1 is a diagram showing a ¹ H-NMR spectrum of a hydrocarbon-based copolymer obtained in Example 1. FIG. 1 is a diagram showing a DSC curve of a hydrocarbon-based copolymer obtained in Example 1. FIG.

The hydrocarbon-based copolymer of the present invention is obtained by copolymerizing a norbornene derivative having a specific structure and an N-substituted maleimide having a specific structure.
The norbornene derivative used in the present invention is a compound represented by the formula (1). R < ¹ > -R < ¹² > in Formula (1) shows a hydrogen atom or a hydrocarbon group each independently. Such a hydrocarbon group is preferably a saturated hydrocarbon group having 1 to 8 carbon atoms. Examples of the saturated hydrocarbon group having 1 to 8 carbon atoms include methyl group, ethyl group, n-propyl group, isopropyl group, n-butyl group, isobutyl group, sec-butyl group, tert-butyl group, n-pentyl group, An n-hexyl group etc. are mentioned. R ^{1 to} R ¹² may each be one kind or plural kinds.

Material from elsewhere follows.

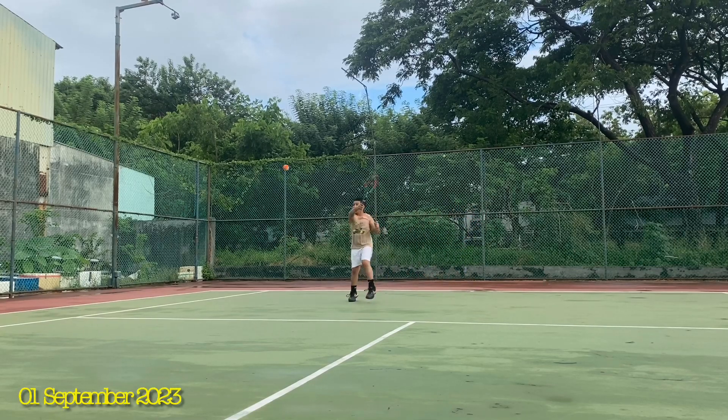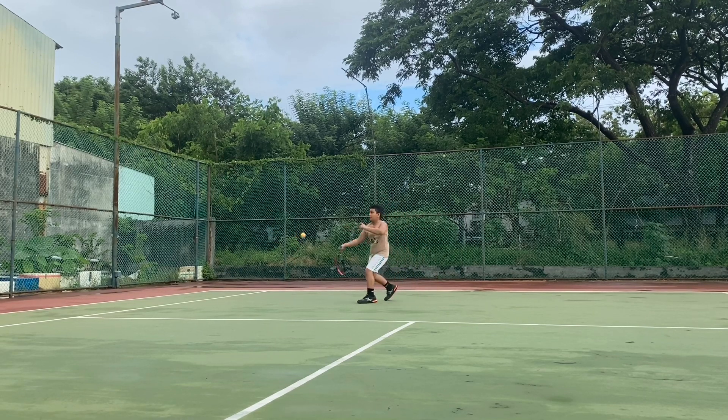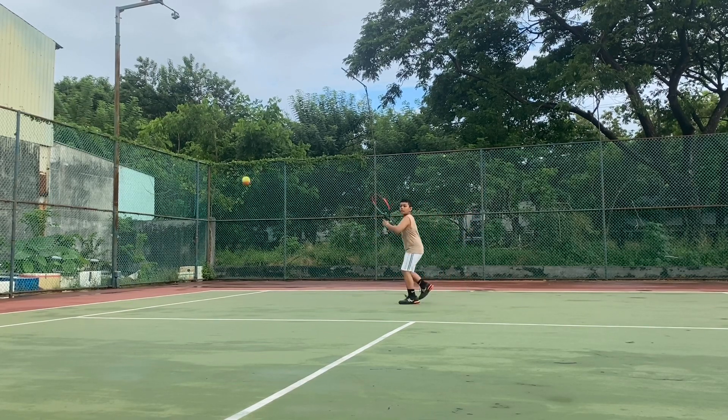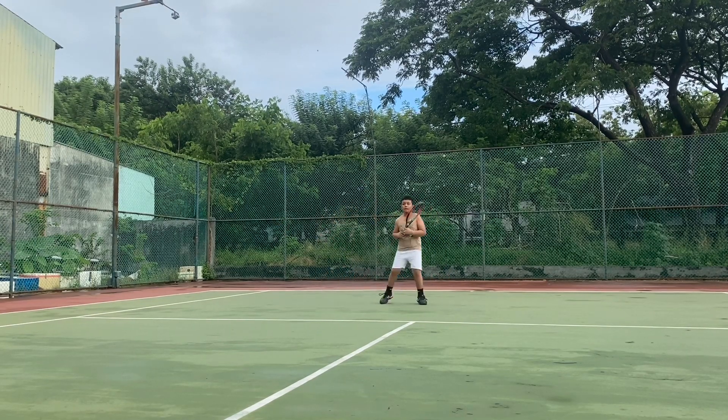You got it. Push your leg. Load your leg.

R ⁹ or R ¹⁰ and R ¹¹ or R ^{12 in} formula (1) may be connected to each other to form a ring.
Specific examples of the norbornene derivative in which R ⁹ or R ¹⁰ and R ¹¹ or R ¹² form a ring include dicyclopentadiene (tricyclo [5.2.1.0 ^2,6 ] deca-4,8 -Dienes) and tricyclo [4.3.1 ^2,5 . 0] Dec-3-ene.

Specific examples of norbornene derivatives used in the present invention include 2-norbornene, 5-methylnorbornene, 5,6-dimethylnorbornene, 1-methylnorbornene, 7-methylnorbornene, 5,5,6-trimethylnorbornene, 5- Phenylnorbornene, 5-benzylnorbornene, 5-ethylidenenorbornene, 5-vinylnorbornene, dicyclopentadiene, tricyclo [4.3.1 ^2,5 . 0] dec-3-ene, tricyclo [4.4.1 ^2,5 . 0] unda-3-ene, tetracyclododecene, 8-ethyltetracyclododecene, 8-ethylidenetetracyclododecene, and the like. Of these, 2-norbornene is preferred.

The N-substituted maleimide used in the present invention is a compound represented by the formula (2). R ¹³ is fluorine-free with and alkyl groups having 1 to 12 carbon atoms in the formula (2), fluorine-free with and cyclic alkyl group having 3 to 20 carbon atoms or a fluorine-free with and having 6 to 20 carbon atoms, An aryl group is shown.
Examples of the alkyl group containing no fluorine and having 1 to 12 carbon atoms include methyl group, ethyl group, n-propyl group, isopropyl group, n-butyl group, isobutyl group, sec-butyl group, tert-butyl group, n- A pentyl group, n-hexyl group, etc. are mentioned.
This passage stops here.